INFORMATION SUPPLIED:
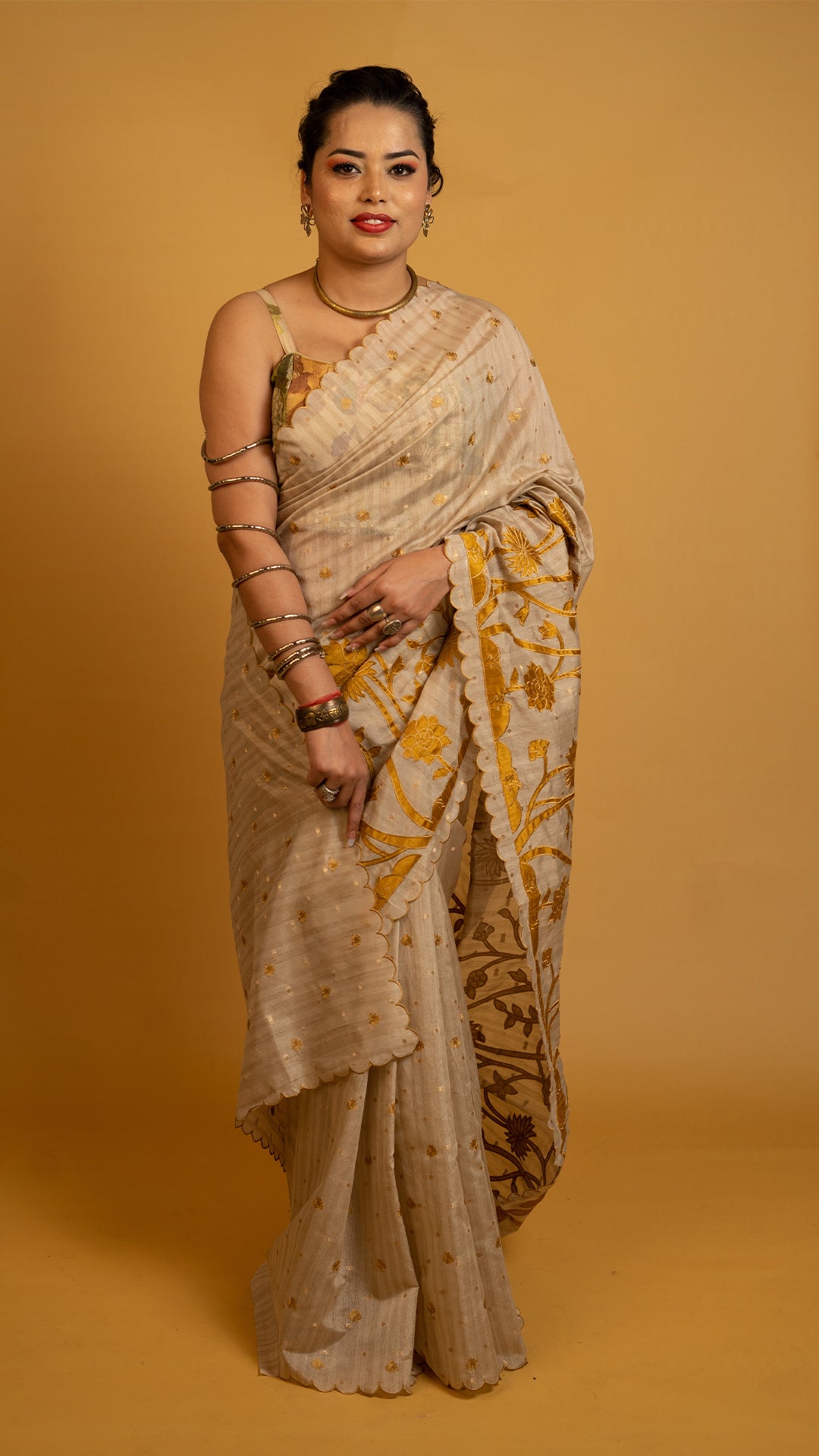 Beige tissue silk saree with golden floral embroidery and scalloped designer border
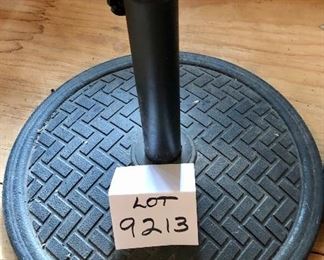 Lot 9213. $120.00/Pr.   2 very nice iron umbrella bases for outdoor patio umbrellas.  18" Diameter  Base.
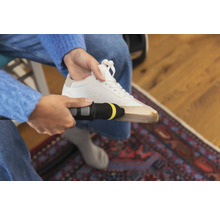 Person reinigt einen weissen Turnschuh mit einem Reinigungsgerät.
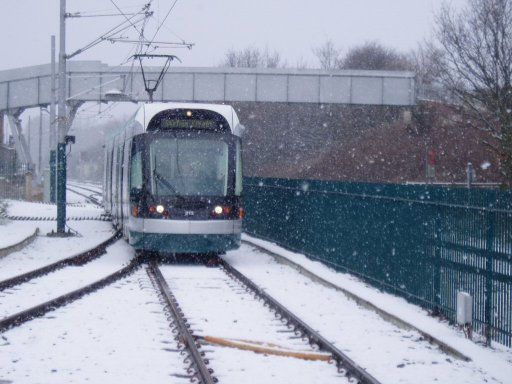 Nottingham Express Transit tram snow at Butler's Hill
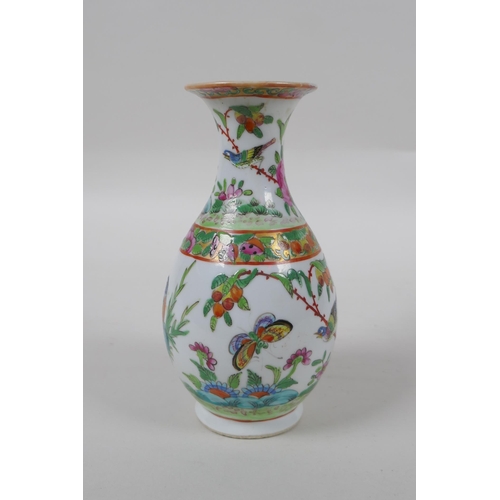 98 - A late C19th Cantonese famille vert porcelain vase decorated with birds and butterflies amongst flow...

ACTION ITEM: Please give back an exact copy of the entries above from their first line through the line containing "Nottingham Express Transit", leaving the pictures aside.

ANSWER FOR THIS EXERCISE:
 Beige tissue silk saree with golden floral embroidery and scalloped designer border
 Lot 9213. $120.00/Pr.   2 very nice iron umbrella bases for outdoor patio umbrellas.  18" Diameter  Base.
 Person reinigt einen weissen Turnschuh mit einem Reinigungsgerät.
 Nottingham Express Transit tram snow at Butler's Hill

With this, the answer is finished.